Phenotypic characteristics

Worldwide, the highest rates of melanoma are seen in white populations, accounting for >90% of the melanoma cases among young adults [16,202]. The risk of developing melanoma is inversely related to the degree of skin pigmentation [60]. Therefore, non-Hispanic white individuals have higher sensitivity to sun exposure and approximately 10-times greater risk of developing melanoma compared with Hispanic, Asian or black populations [11,61]. Also, presence of freckles, blue or green eyes, red or blond hair, increased sun sensitivity and the inability to tan have been associated with twice the risk of melanoma [9,6266]. These phenotypic characteristics have been associated with genetic variations in melanocortin-1 receptor, an independent risk factor for developing melanoma [67].

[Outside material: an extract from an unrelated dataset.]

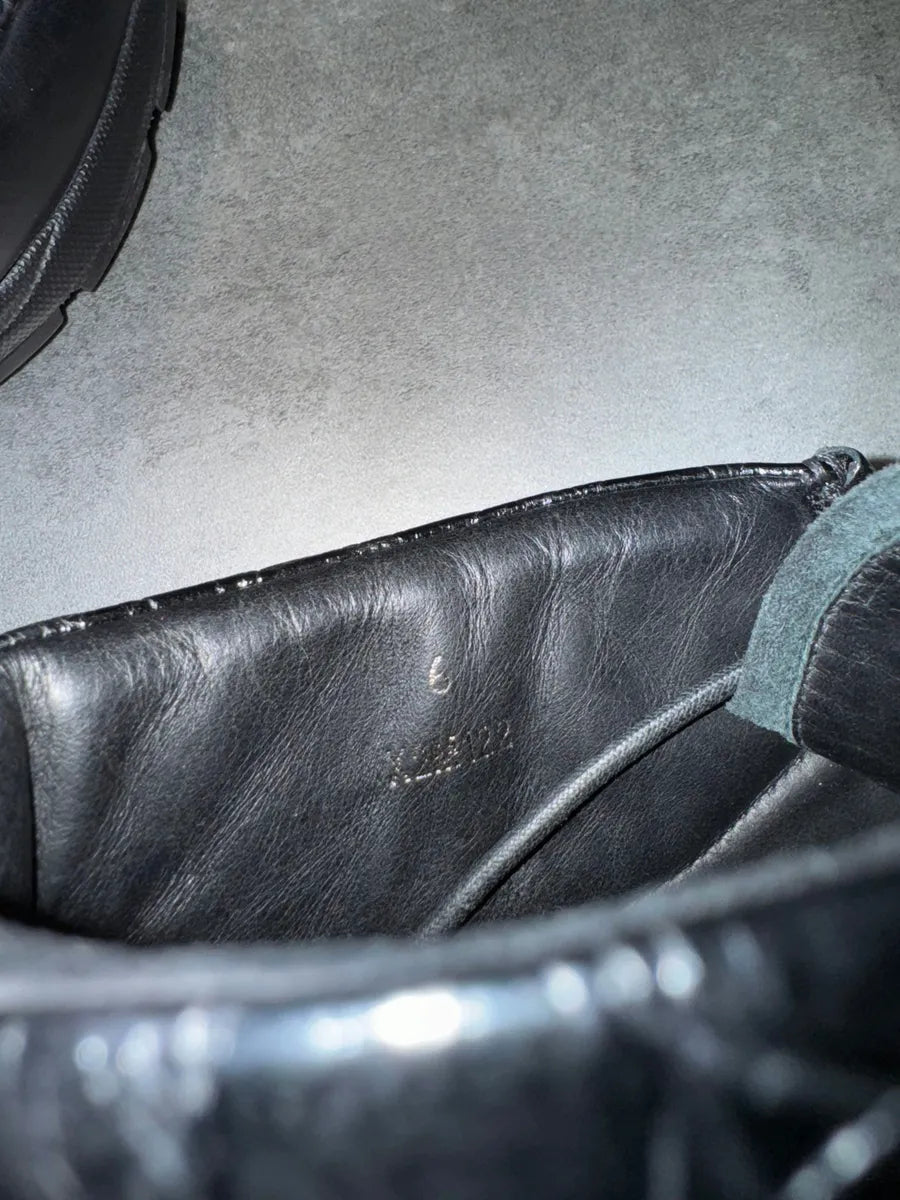 Giorgio Armani Black Exotic Textured Leather Boots AhBYPXp 7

The presence of melanocytic nevi is also known to be risk factor for melanoma, with ~25% of melanomas occurring in conjunction with a preexisting nevus [68]. However, the risk of developing melanoma fluctuates according to the size, number, histologic type and anatomic location of nevi. A high count of melanocytic nevi is associated with increased risk of developing melanoma; the risk is 1.5-times higher among those with more than 10 nevi and increases with higher nevi counts [6973]. Likewise, nevi larger than 5 mm and dysplastic nevi are associated with a higher risk of melanoma [64,71,72,7476]. Notably, melanomas that develop with an associated nevus are more likely to occur in younger patients, to be located in the trunk and to be of the superficial spreading subtype [68,77].

Family history

Family history of melanoma is a strong risk factor for developing this tumor. Having a first-degree relative with history of melanoma doubles the risk of developing this cancer when compared with those individuals without family history [7880]; the risk is highest among patients with a parent with history of multiple melanomas [81]. Personal history of melanoma or nonmelanoma skin cancer has also been associated with higher risk of developing this tumor [82,83].

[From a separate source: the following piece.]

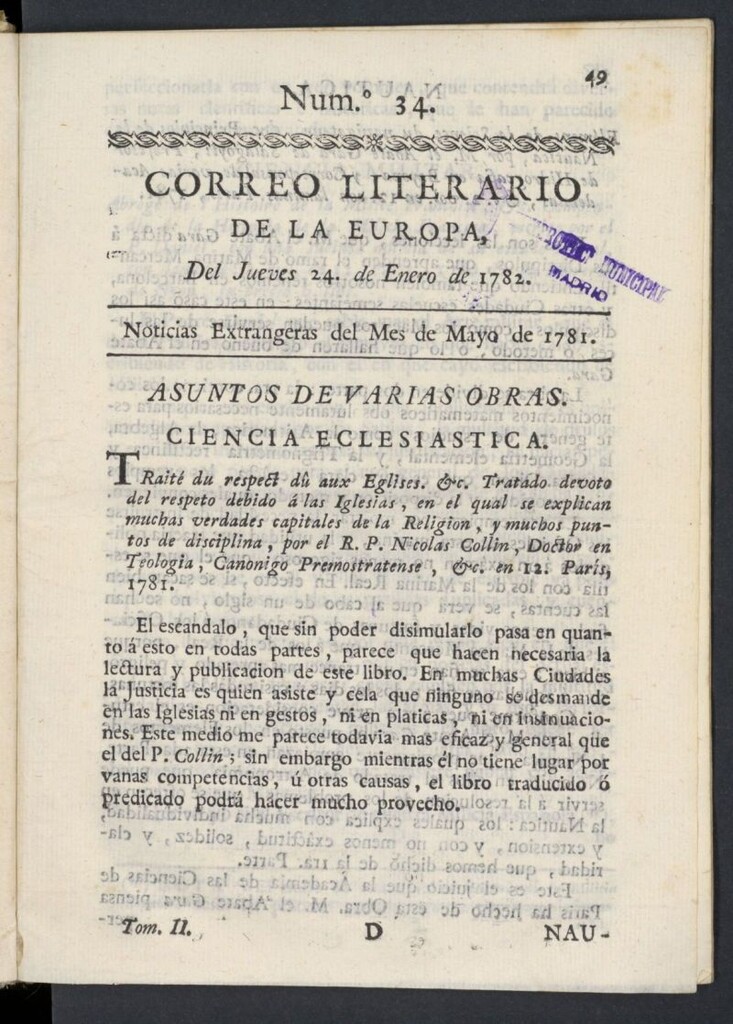 Miniatura de Correo Literario de la Europa del 24 de enero de 1782, nº 34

Up to 10% of all melanoma cases are attributed to familial melanoma syndrome [84]. This syndrome should be suspected in patients with family history who present with melanoma before the age of 40 years, multiple primary melanomas and history of dysplastic nevi [8587]. Mutations in CDKN2A and CDK4 are the most common genetic abnormalities found in these families [85,86]. However, patients with genetic predisposition are more likely to have a better prognosis and superficially invasive melanomas [82,88].

Socioeconomic status

Melanoma has been identified as a tumor affecting those of higher socioeconomic class in contrast to squamous cell carcinoma of the skin that is associated with lower socioeconomic status. Studies from around the world show a positive association between higher socioeconomic status and increased melanoma incidence [8992]. Data from national SEER program have shown that the risk of melanoma almost doubles in those with a college education compared with those with less than high school education [93], independent of age or gender [94]. An income gradient was also observed; those with family incomes <$12,500 have almost half the risk than those with a family income of $50,000 or more [93]. However, these associations may result from differences in a variety of factors, including knowledge of melanoma prevention, access to health care, sunbathing attitudes and practices, leisure and vacation time and recreational sun exposure [5,90,94,95].

Sunlight exposure

Exposure to solar ultraviolet radiation (UVR) has been identified as the most important environmental risk factor for the development of melanoma and nonmelanoma skin cancers. It is evident that exposure to sunlight and the skin damage caused by it [96,97], particularly at younger ages, play a crucial role in the development of melanoma with >80% of cases being attributed to sun exposure [98]. Evidence supports that average annual amounts of natural UVR exposure correlate with the incidence of melanoma [17]. Furthermore, areas of higher altitudes and/or lower latitudes, where natural UVR is more intense, have the highest incidence of melanoma [37,99].

The amounts of acute and chronic sun exposure that a person has received in their lifetime are determinants of the risk of melanoma. Particularly, intermittent sun exposure, measured by history of sunburns, seems to have a major causal effect on the risk of developing melanoma when compared with chronic sun exposure [100]. The risk of developing melanoma doubles in those with history of sunburn and is higher among those with history of sunburns in childhood, adolescence and young adulthood [9,66,100102]. Moreover, the risk of melanoma increases parallel to the number of sunburns; history of more than 10 severe painful sunburns is associated with higher risk of developing melanoma in all body sites, with the highest increment in the upper extremity by up to 6.8-fold [78].

Artificial UVR exposure

Since the 1970s artificial UVR sources, in the form of tanning beds, have gained enormous popularity around the world, with the prevalence of its use varying greatly among different countries [103]. By the end of the 1990s, 50% of men and 60% of women aged 18- to 50-years old in Northern Europe reported using tanning beds at least once during their lifetime [104]. In the USA, the average number of tanning salons per city exceeds the average number of Starbucks or McDonald’s [105], with more than 1 million users per day [106]. By 2005, almost 30 million people in the USA tanned indoors [106], with the highest prevalence among those younger than 35 years old [103]. Over 2.3 million adolescents in the USA use tanning beds [106]; according to the 2011 Youth Risk Behavior Surveillance System, 13% of all high school students and 21% of high school girls reported indoor tanning [107]. Even though tanning bed use is more common in young individuals, it is prevalent among all age groups, including 8% of men and women over 65 years old [108].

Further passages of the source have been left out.